Strengthened by the apparent rallying of both Left and Right around the Five Year Plan, free of any open opposition, and undisputed master of the machine, the "genial secretary," as he was ironically called, could, in future, do as he liked. Of the Bolshevik Old Guard, some of whom were dead, some politically moribund, shackled and discredited, he alone remained amid the "nonentities" that he had jeered at in front of Bukharin. He did not fail to take advantage of an opportunity which presented itself to strengthen his authority over the G.P.U., which had become contaminated by opportunism at the top. Terrified of returning to Russia, the Soviet functionaries abroad preferred emigration, and a scandal broke out in Paris when the First Counsellor at the Embassy, terrified by a superintendent from Moscow, climbed over a wall in order to get away.
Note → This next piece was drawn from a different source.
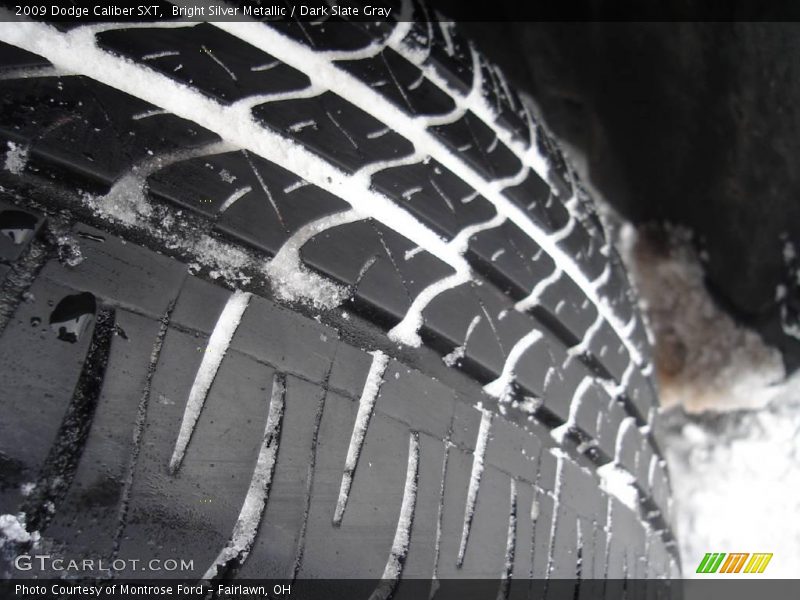 Bright Silver Metallic / Dark Slate Gray 2009 Dodge Caliber SXT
Stalin profited by this to accuse the G.P.U. of lack of vigilance; he replaced Trilisser, a Rightist, by Messing, and reorganised the board of control. As first assistant alongside Menzhinsky, the irremovable President, he retained Yagoda, whose sympathies with the Right had not been lasting. Feeling this instrument to be reliable for the future, he accelerated industrialisation in the towns and collectivisation in the country, he spurred on the Party and, in particular, the Young Communists, which speeded up the inexorable wheels of the bureaucratic and police machine. Everything for the Plan and by the Plan: the entire life of the Russian people could thus be summed up from 1929, "the year of the great turn."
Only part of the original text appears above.